WORK REQUEST: The entries that follow include a run beginning at the line with "Used 2024 BMW M3 Competition image 40" and ending at the line with "Espace manucure chez"; restate that run word for word and leave the rest out.

═════ DATA EXCERPTS

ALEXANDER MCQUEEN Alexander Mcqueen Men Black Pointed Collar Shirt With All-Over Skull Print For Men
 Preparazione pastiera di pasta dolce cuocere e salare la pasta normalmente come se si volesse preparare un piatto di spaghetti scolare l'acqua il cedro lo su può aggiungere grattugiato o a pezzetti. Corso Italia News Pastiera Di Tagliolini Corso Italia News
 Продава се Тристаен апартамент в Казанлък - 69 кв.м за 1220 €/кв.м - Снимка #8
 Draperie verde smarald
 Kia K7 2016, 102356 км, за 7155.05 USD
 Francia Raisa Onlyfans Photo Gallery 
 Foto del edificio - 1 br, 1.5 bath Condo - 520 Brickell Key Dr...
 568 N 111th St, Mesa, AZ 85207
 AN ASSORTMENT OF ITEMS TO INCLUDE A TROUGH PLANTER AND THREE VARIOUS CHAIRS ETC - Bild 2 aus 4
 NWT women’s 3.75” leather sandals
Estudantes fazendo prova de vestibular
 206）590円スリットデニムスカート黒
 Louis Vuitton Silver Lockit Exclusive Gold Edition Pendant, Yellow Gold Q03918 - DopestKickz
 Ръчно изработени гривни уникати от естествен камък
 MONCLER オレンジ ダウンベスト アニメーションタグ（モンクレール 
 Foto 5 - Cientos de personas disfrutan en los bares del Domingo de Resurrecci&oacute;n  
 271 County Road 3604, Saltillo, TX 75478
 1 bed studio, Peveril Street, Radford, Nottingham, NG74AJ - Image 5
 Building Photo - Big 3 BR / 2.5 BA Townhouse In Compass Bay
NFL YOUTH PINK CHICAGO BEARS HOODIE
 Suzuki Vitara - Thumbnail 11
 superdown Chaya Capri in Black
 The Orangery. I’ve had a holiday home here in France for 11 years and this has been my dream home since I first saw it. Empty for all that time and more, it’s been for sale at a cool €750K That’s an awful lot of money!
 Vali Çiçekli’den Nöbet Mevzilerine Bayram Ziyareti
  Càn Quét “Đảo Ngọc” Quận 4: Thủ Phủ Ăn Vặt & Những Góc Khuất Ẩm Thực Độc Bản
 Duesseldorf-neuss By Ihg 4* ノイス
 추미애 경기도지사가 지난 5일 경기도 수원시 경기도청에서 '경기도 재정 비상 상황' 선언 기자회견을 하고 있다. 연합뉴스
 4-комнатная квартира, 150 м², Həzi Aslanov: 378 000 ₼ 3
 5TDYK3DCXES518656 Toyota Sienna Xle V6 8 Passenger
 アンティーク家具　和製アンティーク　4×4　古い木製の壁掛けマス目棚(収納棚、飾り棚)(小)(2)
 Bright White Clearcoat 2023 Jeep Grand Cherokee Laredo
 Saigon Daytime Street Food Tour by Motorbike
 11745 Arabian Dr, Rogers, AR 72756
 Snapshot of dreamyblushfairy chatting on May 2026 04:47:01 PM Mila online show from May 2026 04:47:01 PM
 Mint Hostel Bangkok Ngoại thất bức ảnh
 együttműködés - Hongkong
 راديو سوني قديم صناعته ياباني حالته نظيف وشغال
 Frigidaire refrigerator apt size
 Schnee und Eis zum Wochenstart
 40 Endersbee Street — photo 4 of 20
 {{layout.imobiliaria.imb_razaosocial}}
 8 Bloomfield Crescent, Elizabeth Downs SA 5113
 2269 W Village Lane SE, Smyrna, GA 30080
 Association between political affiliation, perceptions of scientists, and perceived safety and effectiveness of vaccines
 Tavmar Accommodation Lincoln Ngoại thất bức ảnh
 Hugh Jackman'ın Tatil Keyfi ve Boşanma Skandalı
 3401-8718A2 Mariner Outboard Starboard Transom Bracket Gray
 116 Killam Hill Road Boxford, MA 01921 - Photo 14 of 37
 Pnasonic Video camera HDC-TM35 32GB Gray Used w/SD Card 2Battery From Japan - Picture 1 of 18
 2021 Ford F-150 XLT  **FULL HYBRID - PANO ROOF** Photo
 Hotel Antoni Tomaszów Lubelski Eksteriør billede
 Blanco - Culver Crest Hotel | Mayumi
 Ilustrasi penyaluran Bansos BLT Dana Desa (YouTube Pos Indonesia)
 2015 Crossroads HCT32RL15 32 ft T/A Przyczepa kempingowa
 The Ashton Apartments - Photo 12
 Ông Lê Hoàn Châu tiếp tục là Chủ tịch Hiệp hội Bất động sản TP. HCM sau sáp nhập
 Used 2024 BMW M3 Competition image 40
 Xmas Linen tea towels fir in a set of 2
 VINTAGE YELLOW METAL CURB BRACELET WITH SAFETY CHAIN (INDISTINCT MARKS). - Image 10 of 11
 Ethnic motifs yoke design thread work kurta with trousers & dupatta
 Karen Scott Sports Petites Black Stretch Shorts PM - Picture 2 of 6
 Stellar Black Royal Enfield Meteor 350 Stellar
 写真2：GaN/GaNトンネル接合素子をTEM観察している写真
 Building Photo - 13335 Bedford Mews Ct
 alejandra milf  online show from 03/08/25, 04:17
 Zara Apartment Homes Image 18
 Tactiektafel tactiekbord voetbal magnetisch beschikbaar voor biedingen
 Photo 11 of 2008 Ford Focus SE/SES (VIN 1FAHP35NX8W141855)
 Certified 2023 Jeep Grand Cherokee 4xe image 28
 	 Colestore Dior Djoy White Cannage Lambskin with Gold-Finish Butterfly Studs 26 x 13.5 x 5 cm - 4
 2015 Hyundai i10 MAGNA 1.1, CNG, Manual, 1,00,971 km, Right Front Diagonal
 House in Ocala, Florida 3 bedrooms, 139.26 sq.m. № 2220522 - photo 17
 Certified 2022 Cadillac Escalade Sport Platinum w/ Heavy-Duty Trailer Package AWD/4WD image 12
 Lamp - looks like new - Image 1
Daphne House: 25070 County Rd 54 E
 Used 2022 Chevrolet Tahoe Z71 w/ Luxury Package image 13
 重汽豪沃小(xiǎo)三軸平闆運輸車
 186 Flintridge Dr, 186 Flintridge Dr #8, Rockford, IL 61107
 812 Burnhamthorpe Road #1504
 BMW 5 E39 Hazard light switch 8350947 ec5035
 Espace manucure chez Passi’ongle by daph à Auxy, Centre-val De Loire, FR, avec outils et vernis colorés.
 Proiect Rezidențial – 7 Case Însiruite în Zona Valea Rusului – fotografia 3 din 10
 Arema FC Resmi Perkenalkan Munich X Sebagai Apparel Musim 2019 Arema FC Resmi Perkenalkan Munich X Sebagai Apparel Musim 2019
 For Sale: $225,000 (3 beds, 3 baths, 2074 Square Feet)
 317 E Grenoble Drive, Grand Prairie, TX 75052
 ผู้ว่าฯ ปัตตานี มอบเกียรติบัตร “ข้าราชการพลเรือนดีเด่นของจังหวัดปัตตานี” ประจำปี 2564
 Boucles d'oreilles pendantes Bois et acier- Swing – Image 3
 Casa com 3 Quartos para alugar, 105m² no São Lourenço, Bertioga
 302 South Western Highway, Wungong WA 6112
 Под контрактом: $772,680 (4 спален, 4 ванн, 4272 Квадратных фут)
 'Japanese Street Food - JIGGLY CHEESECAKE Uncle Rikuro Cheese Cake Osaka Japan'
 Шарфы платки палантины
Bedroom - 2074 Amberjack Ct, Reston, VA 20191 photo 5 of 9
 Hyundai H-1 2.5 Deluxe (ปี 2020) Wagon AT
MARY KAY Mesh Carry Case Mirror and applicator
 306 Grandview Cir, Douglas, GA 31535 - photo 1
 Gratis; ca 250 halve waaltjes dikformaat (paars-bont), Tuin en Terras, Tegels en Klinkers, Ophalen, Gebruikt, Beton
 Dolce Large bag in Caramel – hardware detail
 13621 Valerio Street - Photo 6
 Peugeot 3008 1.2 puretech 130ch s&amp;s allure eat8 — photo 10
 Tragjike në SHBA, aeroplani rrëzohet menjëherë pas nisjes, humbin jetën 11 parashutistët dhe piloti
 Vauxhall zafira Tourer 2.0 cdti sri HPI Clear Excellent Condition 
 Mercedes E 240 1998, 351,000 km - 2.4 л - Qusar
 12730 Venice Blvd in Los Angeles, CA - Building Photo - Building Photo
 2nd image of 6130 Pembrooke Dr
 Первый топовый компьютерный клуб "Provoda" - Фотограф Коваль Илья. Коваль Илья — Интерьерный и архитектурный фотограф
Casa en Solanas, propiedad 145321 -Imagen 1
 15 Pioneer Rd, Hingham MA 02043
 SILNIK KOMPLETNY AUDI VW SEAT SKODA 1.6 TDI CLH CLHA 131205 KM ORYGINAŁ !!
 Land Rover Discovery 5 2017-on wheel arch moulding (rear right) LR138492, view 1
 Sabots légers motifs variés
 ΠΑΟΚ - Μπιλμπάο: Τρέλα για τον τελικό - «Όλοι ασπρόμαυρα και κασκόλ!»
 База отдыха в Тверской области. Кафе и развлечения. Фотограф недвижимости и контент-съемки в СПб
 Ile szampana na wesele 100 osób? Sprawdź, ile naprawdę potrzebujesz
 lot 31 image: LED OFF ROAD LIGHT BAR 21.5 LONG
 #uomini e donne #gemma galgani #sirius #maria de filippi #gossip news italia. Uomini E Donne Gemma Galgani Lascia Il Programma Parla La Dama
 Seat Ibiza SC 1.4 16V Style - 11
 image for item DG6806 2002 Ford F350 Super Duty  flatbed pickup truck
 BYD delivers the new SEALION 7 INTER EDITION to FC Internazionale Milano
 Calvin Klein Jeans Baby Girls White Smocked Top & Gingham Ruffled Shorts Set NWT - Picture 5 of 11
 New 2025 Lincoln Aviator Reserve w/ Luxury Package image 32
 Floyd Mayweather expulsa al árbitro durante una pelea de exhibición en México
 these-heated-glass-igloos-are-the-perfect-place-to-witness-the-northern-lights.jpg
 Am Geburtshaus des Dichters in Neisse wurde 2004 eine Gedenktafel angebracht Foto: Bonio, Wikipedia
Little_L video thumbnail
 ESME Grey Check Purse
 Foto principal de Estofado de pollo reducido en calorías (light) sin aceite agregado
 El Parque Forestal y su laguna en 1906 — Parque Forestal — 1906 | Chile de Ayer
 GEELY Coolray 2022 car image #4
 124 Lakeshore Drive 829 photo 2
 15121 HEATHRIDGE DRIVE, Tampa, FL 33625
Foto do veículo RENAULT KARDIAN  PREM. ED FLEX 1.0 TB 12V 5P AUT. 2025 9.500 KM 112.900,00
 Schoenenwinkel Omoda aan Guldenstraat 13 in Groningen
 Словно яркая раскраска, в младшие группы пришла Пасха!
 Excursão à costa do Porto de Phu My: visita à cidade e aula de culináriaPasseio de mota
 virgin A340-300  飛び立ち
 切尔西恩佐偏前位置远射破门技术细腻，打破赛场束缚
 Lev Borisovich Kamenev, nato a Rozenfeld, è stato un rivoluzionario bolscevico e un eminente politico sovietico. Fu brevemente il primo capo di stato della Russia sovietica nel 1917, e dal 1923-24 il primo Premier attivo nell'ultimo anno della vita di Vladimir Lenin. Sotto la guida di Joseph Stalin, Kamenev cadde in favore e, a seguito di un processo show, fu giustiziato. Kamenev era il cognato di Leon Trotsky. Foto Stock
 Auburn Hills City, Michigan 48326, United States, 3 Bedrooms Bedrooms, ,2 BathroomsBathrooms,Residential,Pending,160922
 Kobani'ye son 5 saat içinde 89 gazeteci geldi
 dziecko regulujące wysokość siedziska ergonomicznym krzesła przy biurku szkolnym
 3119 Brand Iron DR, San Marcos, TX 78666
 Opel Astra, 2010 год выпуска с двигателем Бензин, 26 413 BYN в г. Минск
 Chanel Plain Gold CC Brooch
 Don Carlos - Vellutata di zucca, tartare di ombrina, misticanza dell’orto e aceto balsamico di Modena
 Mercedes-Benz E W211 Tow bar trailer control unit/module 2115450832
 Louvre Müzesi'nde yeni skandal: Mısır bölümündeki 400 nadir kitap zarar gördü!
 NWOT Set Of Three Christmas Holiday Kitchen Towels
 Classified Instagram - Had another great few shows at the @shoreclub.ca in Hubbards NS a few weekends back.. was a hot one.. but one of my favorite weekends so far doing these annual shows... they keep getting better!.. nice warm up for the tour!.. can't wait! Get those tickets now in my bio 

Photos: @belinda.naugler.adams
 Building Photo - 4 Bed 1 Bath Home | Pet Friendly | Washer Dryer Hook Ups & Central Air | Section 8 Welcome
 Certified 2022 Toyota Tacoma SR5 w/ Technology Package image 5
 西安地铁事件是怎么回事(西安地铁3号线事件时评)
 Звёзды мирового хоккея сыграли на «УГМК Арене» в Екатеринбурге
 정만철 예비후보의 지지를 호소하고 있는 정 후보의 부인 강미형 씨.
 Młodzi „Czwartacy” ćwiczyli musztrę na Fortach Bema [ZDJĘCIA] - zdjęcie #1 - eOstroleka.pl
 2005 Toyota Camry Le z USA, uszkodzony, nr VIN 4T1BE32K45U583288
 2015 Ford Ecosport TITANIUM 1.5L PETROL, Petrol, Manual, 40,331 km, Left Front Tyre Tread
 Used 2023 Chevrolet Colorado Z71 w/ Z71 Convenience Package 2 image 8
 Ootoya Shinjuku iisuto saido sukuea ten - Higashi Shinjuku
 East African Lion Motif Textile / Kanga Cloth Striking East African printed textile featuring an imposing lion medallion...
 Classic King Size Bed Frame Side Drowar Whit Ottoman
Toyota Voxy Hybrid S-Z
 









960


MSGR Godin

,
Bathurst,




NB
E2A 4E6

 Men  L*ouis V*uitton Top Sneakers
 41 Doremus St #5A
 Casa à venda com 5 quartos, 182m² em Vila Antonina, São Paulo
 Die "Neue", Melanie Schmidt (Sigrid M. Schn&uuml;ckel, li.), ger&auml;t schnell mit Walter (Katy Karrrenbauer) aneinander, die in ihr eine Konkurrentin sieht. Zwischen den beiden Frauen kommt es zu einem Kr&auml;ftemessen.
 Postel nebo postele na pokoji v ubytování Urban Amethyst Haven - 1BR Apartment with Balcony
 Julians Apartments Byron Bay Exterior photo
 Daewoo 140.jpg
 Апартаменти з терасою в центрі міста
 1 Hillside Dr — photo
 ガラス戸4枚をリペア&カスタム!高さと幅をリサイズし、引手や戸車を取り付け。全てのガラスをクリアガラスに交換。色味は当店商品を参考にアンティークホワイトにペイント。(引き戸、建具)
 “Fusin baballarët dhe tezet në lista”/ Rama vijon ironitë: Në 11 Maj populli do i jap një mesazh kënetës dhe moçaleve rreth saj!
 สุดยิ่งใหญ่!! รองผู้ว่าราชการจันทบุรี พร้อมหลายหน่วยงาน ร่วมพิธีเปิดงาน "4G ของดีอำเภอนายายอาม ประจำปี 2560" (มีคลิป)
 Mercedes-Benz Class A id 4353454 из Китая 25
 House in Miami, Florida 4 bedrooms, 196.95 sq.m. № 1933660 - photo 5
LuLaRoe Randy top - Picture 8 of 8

══════════

RESPONSE TO THE EXERCISE:
 Used 2024 BMW M3 Competition image 40
 Xmas Linen tea towels fir in a set of 2
 VINTAGE YELLOW METAL CURB BRACELET WITH SAFETY CHAIN (INDISTINCT MARKS). - Image 10 of 11
 Ethnic motifs yoke design thread work kurta with trousers & dupatta
 Karen Scott Sports Petites Black Stretch Shorts PM - Picture 2 of 6
 Stellar Black Royal Enfield Meteor 350 Stellar
 写真2：GaN/GaNトンネル接合素子をTEM観察している写真
 Building Photo - 13335 Bedford Mews Ct
 alejandra milf  online show from 03/08/25, 04:17
 Zara Apartment Homes Image 18
 Tactiektafel tactiekbord voetbal magnetisch beschikbaar voor biedingen
 Photo 11 of 2008 Ford Focus SE/SES (VIN 1FAHP35NX8W141855)
 Certified 2023 Jeep Grand Cherokee 4xe image 28
 	 Colestore Dior Djoy White Cannage Lambskin with Gold-Finish Butterfly Studs 26 x 13.5 x 5 cm - 4
 2015 Hyundai i10 MAGNA 1.1, CNG, Manual, 1,00,971 km, Right Front Diagonal
 House in Ocala, Florida 3 bedrooms, 139.26 sq.m. № 2220522 - photo 17
 Certified 2022 Cadillac Escalade Sport Platinum w/ Heavy-Duty Trailer Package AWD/4WD image 12
 Lamp - looks like new - Image 1
Daphne House: 25070 County Rd 54 E
 Used 2022 Chevrolet Tahoe Z71 w/ Luxury Package image 13
 重汽豪沃小(xiǎo)三軸平闆運輸車
 186 Flintridge Dr, 186 Flintridge Dr #8, Rockford, IL 61107
 812 Burnhamthorpe Road #1504
 BMW 5 E39 Hazard light switch 8350947 ec5035
 Espace manucure chez Passi’ongle by daph à Auxy, Centre-val De Loire, FR, avec outils et vernis colorés.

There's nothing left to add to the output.